*** Opening of Task inputs ***
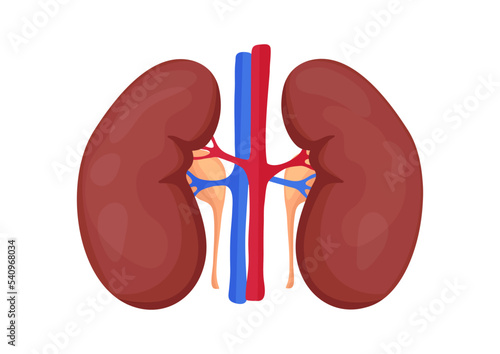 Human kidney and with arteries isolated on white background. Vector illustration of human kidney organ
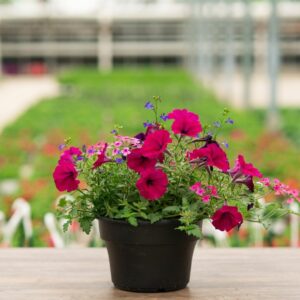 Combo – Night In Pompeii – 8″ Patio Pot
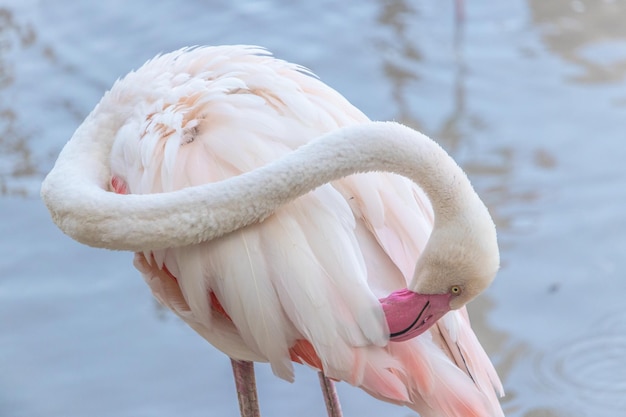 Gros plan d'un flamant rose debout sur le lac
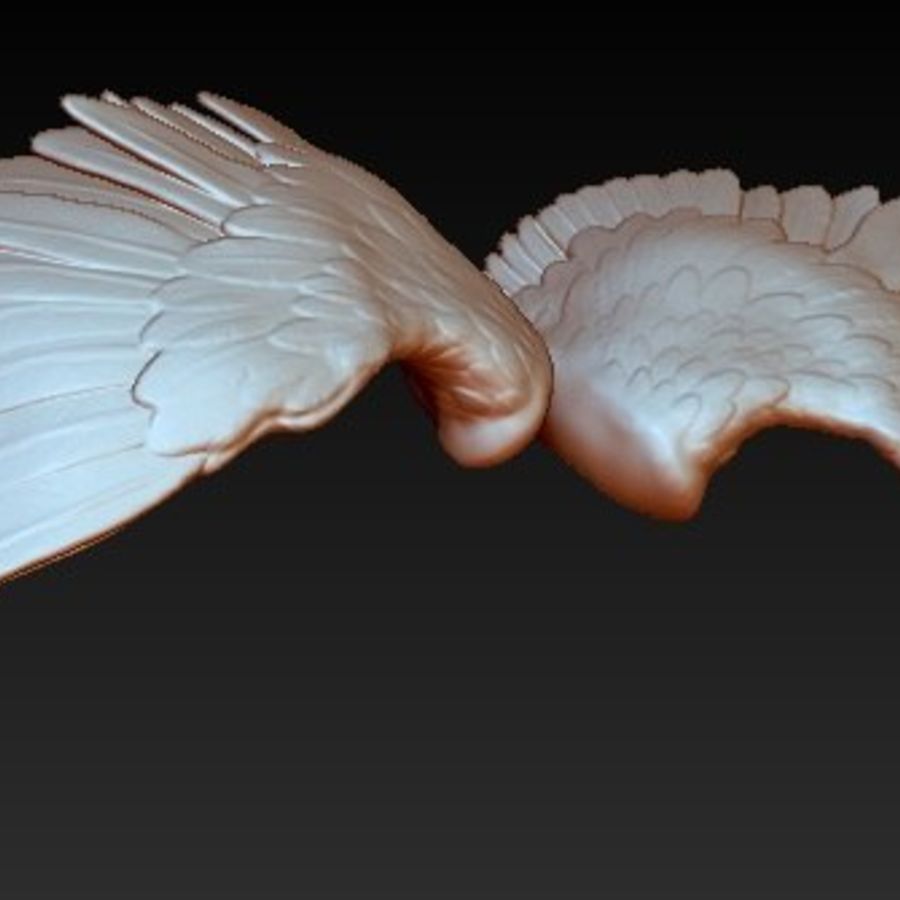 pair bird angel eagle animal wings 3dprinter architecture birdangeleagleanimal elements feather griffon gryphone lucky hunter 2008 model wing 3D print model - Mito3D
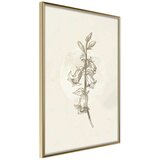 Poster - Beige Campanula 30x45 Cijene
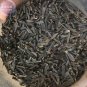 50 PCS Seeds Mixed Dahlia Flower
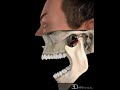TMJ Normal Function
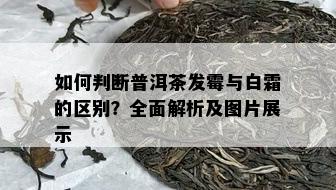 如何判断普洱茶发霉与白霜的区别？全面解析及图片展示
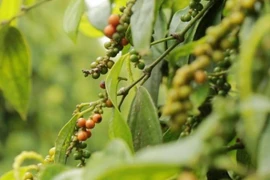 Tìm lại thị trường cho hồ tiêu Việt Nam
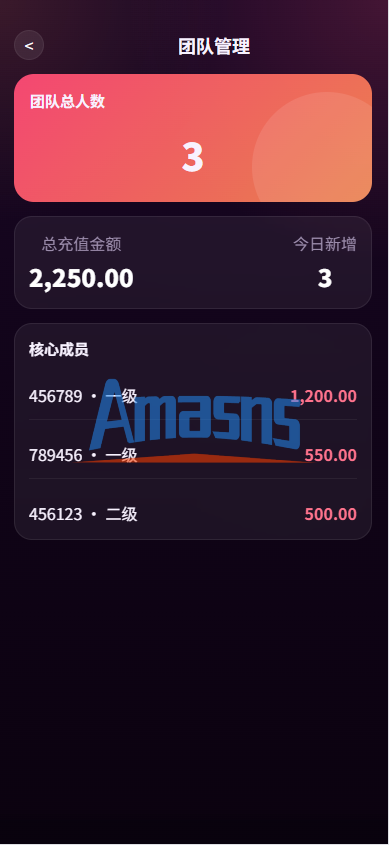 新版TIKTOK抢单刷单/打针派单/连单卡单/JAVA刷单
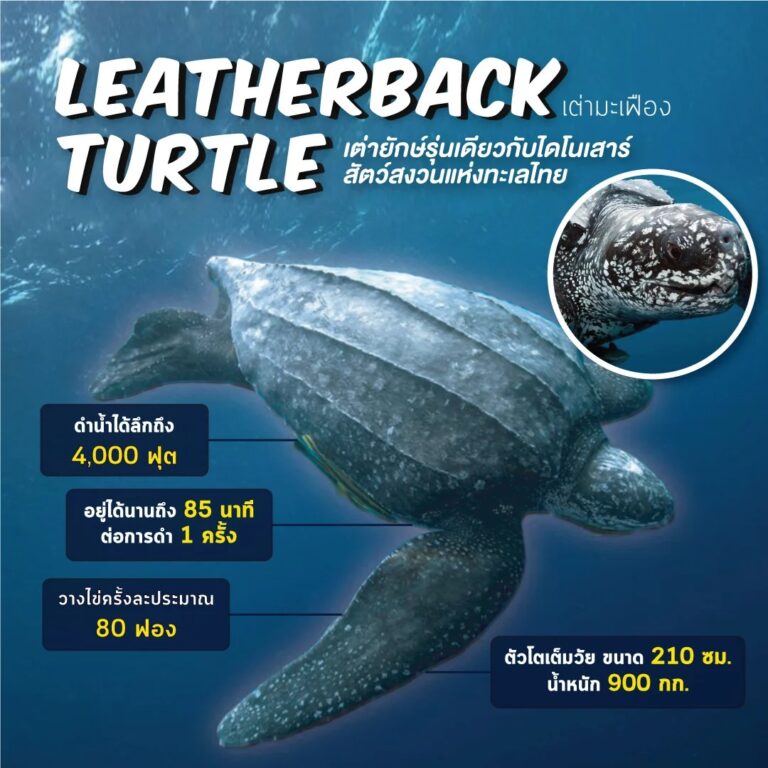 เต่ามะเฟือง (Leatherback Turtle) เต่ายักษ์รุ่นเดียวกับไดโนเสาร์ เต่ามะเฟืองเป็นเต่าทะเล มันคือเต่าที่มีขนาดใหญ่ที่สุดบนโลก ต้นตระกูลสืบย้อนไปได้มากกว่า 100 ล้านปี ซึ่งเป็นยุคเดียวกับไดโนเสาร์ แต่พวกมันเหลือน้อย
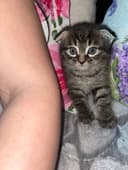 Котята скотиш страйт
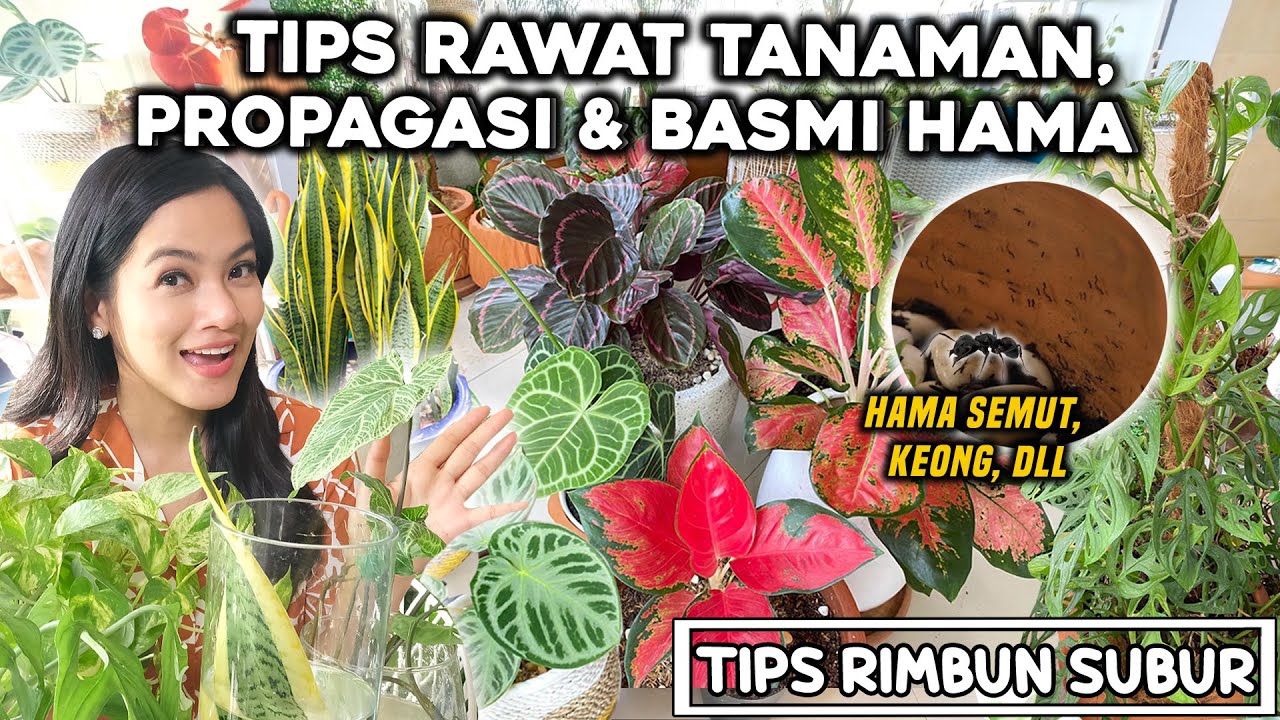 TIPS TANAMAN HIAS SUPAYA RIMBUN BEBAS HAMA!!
*** Close of Task inputs ***
_Exercise description_: Exact text is required for the lines from the one with "Combo – Night In Pompeii – 8″ Patio Pot" through the last line of the entries, both included. Omit pictures.

_Solution_:
 Combo – Night In Pompeii – 8″ Patio Pot
 Gros plan d'un flamant rose debout sur le lac
 pair bird angel eagle animal wings 3dprinter architecture birdangeleagleanimal elements feather griffon gryphone lucky hunter 2008 model wing 3D print model - Mito3D
 Poster - Beige Campanula 30x45 Cijene
 50 PCS Seeds Mixed Dahlia Flower
TMJ Normal Function
 如何判断普洱茶发霉与白霜的区别？全面解析及图片展示
 Tìm lại thị trường cho hồ tiêu Việt Nam
 新版TIKTOK抢单刷单/打针派单/连单卡单/JAVA刷单
 เต่ามะเฟือง (Leatherback Turtle) เต่ายักษ์รุ่นเดียวกับไดโนเสาร์ เต่ามะเฟืองเป็นเต่าทะเล มันคือเต่าที่มีขนาดใหญ่ที่สุดบนโลก ต้นตระกูลสืบย้อนไปได้มากกว่า 100 ล้านปี ซึ่งเป็นยุคเดียวกับไดโนเสาร์ แต่พวกมันเหลือน้อย
 Котята скотиш страйт
 TIPS TANAMAN HIAS SUPAYA RIMBUN BEBAS HAMA!!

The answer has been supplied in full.